A TIMELINE OF INTERNET ACCESS IN SOUTH AFRICA
With the availability of 1Gbps fibre connections and mobile speeds exceeding 200Mbps, it is easy to forget the long and difficult road which was travelled in South Africa to arrive where we are today. Not too long ago, most people accessed the Internet via a dial-up modem, paying per-minute for the privilege of visiting websites at a speed of 56kbps. To understand Internet access in South Africa, it is important to start at the beginning.
The Internet in South Africa can be tracked back to Rhodes University in 1988, when three pioneers – Francois Jacot Guilarmod, Dave Wilson and Mike Lawrie – established an email link to the Internet.
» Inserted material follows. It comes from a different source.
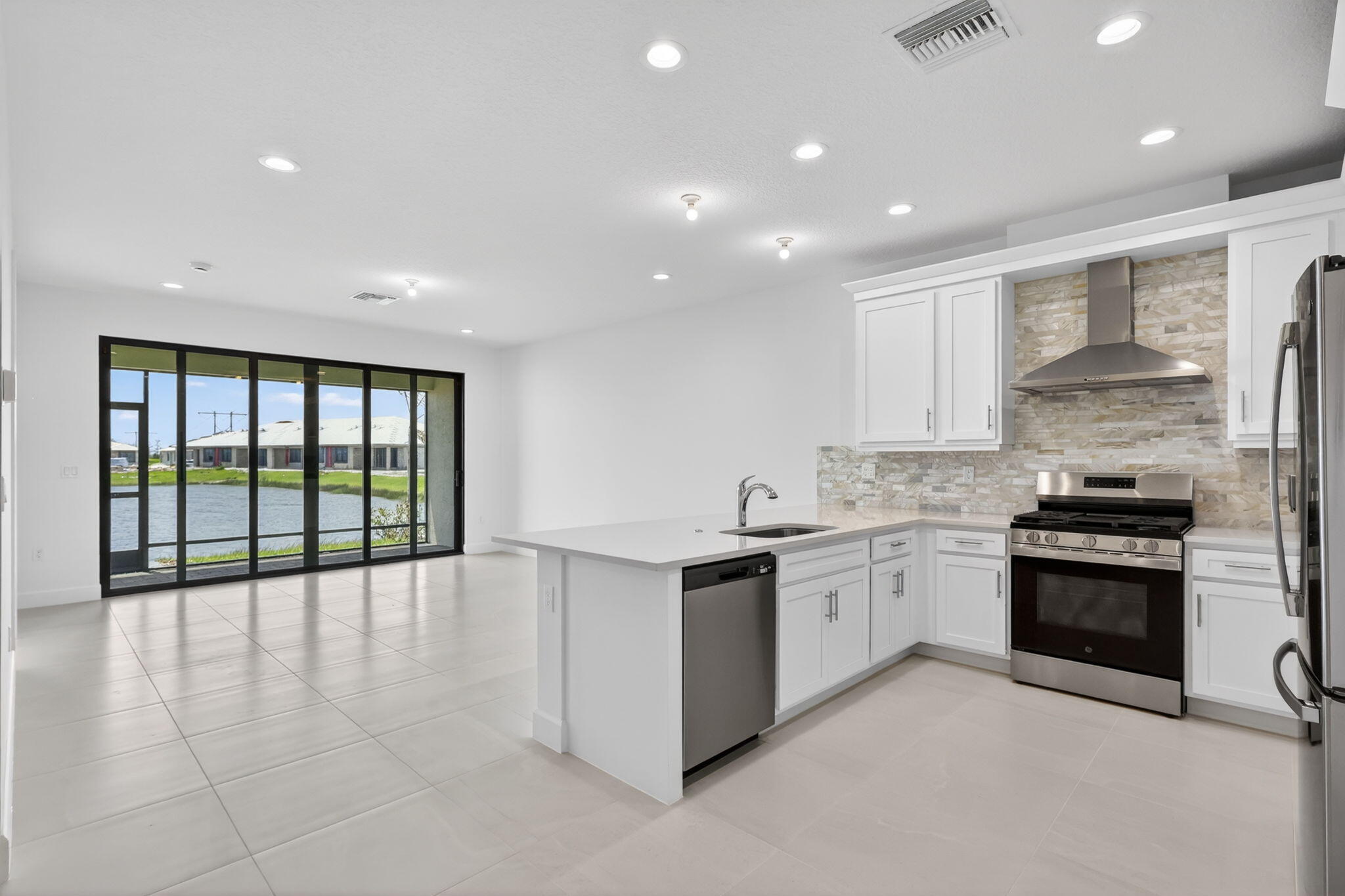 RIVERLAND PARCEL D - PLAT SIX - Residential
The email link used the Fidonet mailing system as a transport mechanism to exchange email between the Control Data Cyber computer at Rhodes University and a Fidonet gateway run by Randy Bush of Portland, Oregon. Towards the end of 1991, the UUCP dial-up link was replaced with a full Internet connection that operated across a leased line at 9,600bps.
During the early nineties, most of the South African Internet developments happened at universities and academic institutions. This changed with the advent of commercial Internet service providers (ISPS). In November 1993, South Africa’s first commercial ISP – The Internet Company of South Africa – was formed. It gave four commercial companies live access to the Internet, with another six following a week later.
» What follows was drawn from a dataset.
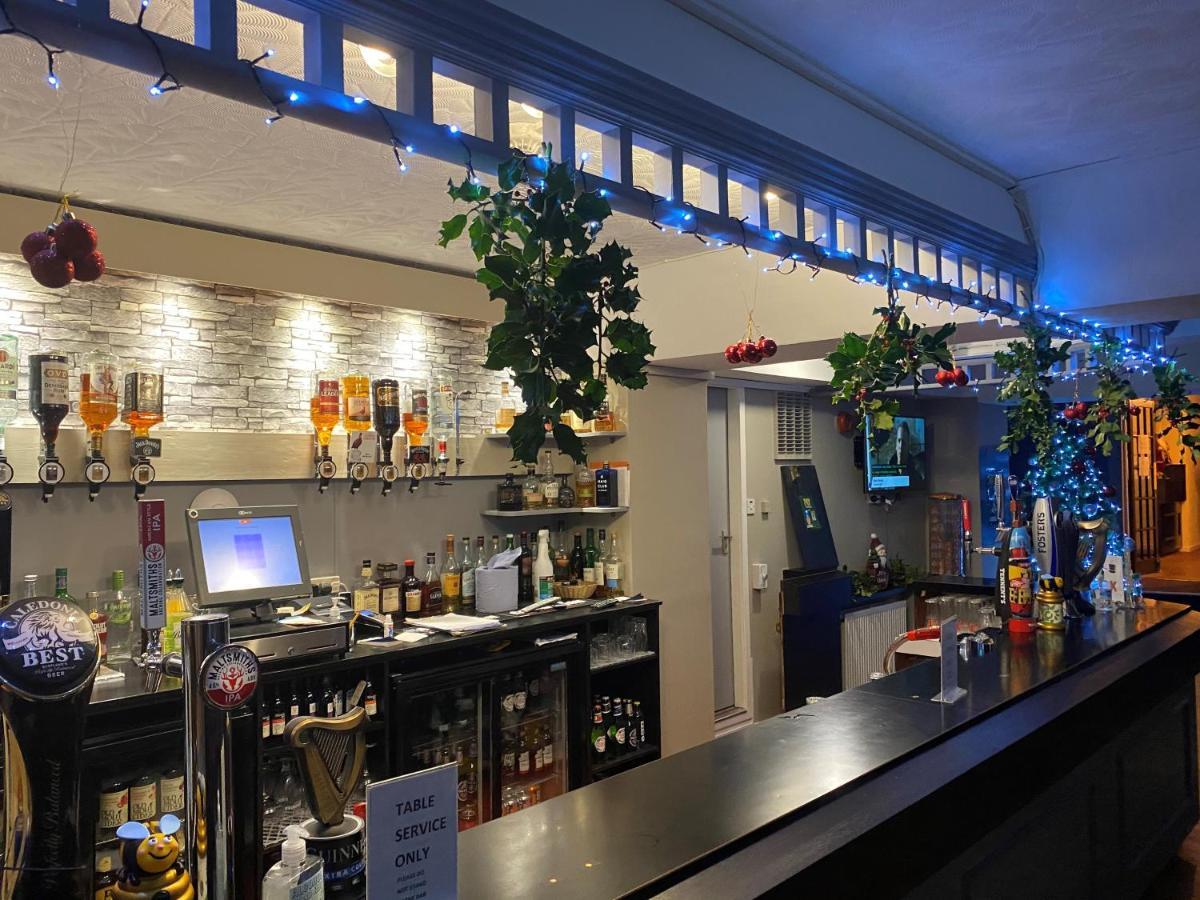Smithton Hotel Ίνβερνες Εξωτερικό φωτογραφία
Residential Internet access followed, with 56kbps dial-up connections starting to gain popularity in 1997 thanks to products like MWEB’S Big Black Box. Telkom’s 64kbps ISDN Internet service also proved popular among techsavvy users, especially because it allowed for two ISDN lines to be bonded to achieve 128kbps. With residential dial-up and ISDN connections, users had to pay a perminute local call rate to stay connected. Telkom’s R7 Call package, which offered a flat rate for a call of any duration on weekends and after-hours, brought some relief for heavy users, but it was still restrictive.
Things changed quickly after Telkom launched its first commercial ADSL product in August 2002, which can be seen as the dawn of broadband in South Africa. The service offered unlimited access to the Internet at 512kbps, with unmetered local data and a 3GB cap on international data for around R1,000 per month. Even with the restrictive international cap, ADSL was a game changer which sparked an Internet revolution in the country. In 2004, two wireless broadband services were launched in South Africa - Sentech Mywireless with speeds of up to 512kbps, and Vodacom 3G with speeds of 384kbps. iburst followed suit in 2005 with its 1Mbps offering, and MTN and Neotel also launched wireless broadband products over the next two years.
Over the next seven years, the rate of broadband roll-out and innovation accelerated, with the mobile operators entering the LTE era, and many fibre providers entering the market with products offerings speeds of up to 1Gbps.
While there is a long road ahead to increase the availability of fibre-to-the-home services and making mobile data more affordable, South Africa has come a long away from the early days of dial-up to uncapped products with high enough speeds to rival international standards.